Отец простыл во время своего побега на крестьянском возу. К тому же он не выпускал изо рта самокрутки, отчего сильно кашлял. В любую, самую неподходящую минуту, на него мог напасть приступ кашля. Поэтому мама не стала унимать мой крик.
Городовой хмуро прошелся по комнате, затем, потеребив свой черный пушистый ус, смущенно заговорил:
— По мне пусть хоть, Сонька, я не хочу знать, где прячется твой мужик, век на печи просидит. Но есть шептуны. Один, два человека знают, значит, и я узнал. Пока не поздно, убери ты его куда-нибудь подальше. Сегодня я еще ничего не знаю, а завтра — заставят узнать. Такая моя служба, трясця ей в печенку!
Вот такой был в нашем местечке городовой!
Через полчаса на печи состоялся семейный совет. Было решено ехать в Херсон.
Херсон. 1921 год.
До сих пор рассказ велся со слов участников событий, то есть — отца и матери.
Теперь я уже стою на собственных ногах, мне пятый год, и я самостоятельно мыслю, наблюдаю, запоминаю. Прислушиваясь к разговорам, я делаю вывод, что можно верить не всем и не всему. Моему брату я верю только наполовину. Когда он говорит, что ночью у луны вырастают длинные руки и она ими залезает в незанавешенные окна — я верю. И в лунные ночи, если мама забывает завесить окно, мы с сестрой просыпаемся и поднимаем дикий вой.
А когда он рассказывает, что «когда-то давно» на свете были пирожные с кремом, которые он не любил, и были без крема — их он мог съесть хоть сто штук, и еще были конфеты «карамель» и шоколадные бомбошки, я не верю ему. Но выражать недоверие к рассказам брата опасно. Можно получить щелчок в макушку или подзатыльник, а я не люблю, когда меня бьют, даже в шутку. И вообще, если вранье доставляет ему удовольствие — пусть себе врет на здоровье.
Зато маме я верю во всем, верю каждому ее слову. Она никогда не говорит о пирожных и о шоколадных конфетах. По ее словам, самое вкусное — это ржаной хлеб с постным маслом. Я тоже люблю ржаной хлеб с постным маслом. Все мы любим.

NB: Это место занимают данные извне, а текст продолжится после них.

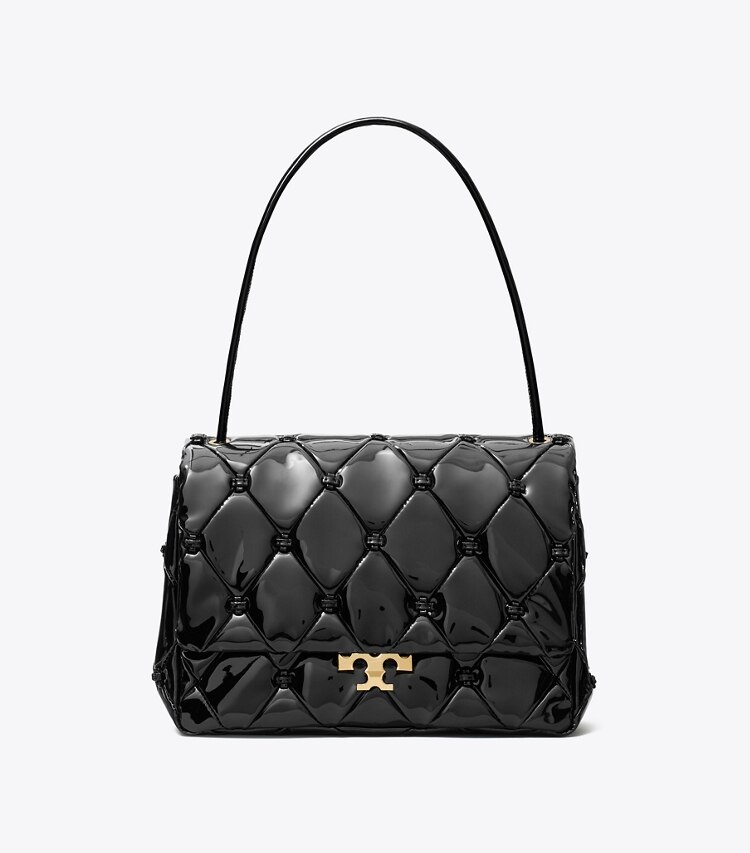 Tory Burch designer borse a tracolla Shoulder bag Bunny Runway con nodo in pelle verniciata in Black front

Мама рассказывает нам всякие правдивые истории, например об Аврааме, Исааке, Иакове, Иосифе Прекрасном и его братьях. Рассказывает так живо и подробно, будто это было вчера и она присутствовала при всех событиях. И когда она ведет нас мимо еврейского кладбища в детский сад, я требую, чтобы она показала нам могилу Рахили. И она показывает на одно из мраморных надгробий среди ровных рядов могил.
Из маминых рассказов я делаю ошеломляющий вывод: оказывается, Египет — это не что иное, как наша наполовину немецкая, наполовину еврейская колония. Здесь тоже, после лет изобилия, наступают годы засухи и голода. И хлеб, и вода здесь тоже в руках у богатых колонистов, а всякие пришельцы, если у них нет золота и серебра, могут спокойно лечь и протянуть ноги.
Изобилие было в прошлом году. Тогда у нас стояло несколько жестяных банок с постным маслом: отец работал на маслобойке и ему платили натурой — маслом и макухой. Каждый день у нас варилась мамалыга, ее ели с пахтой или молоком. Арбузы и дыни были настолько «ни почем», что ими был завален целый угол в одной из наших двух комнатушек. В этой комнате, кроме сложенной железной кровати, ничего не было. Эта кровать и была «пароходом», на котором брат устраивал «пожар».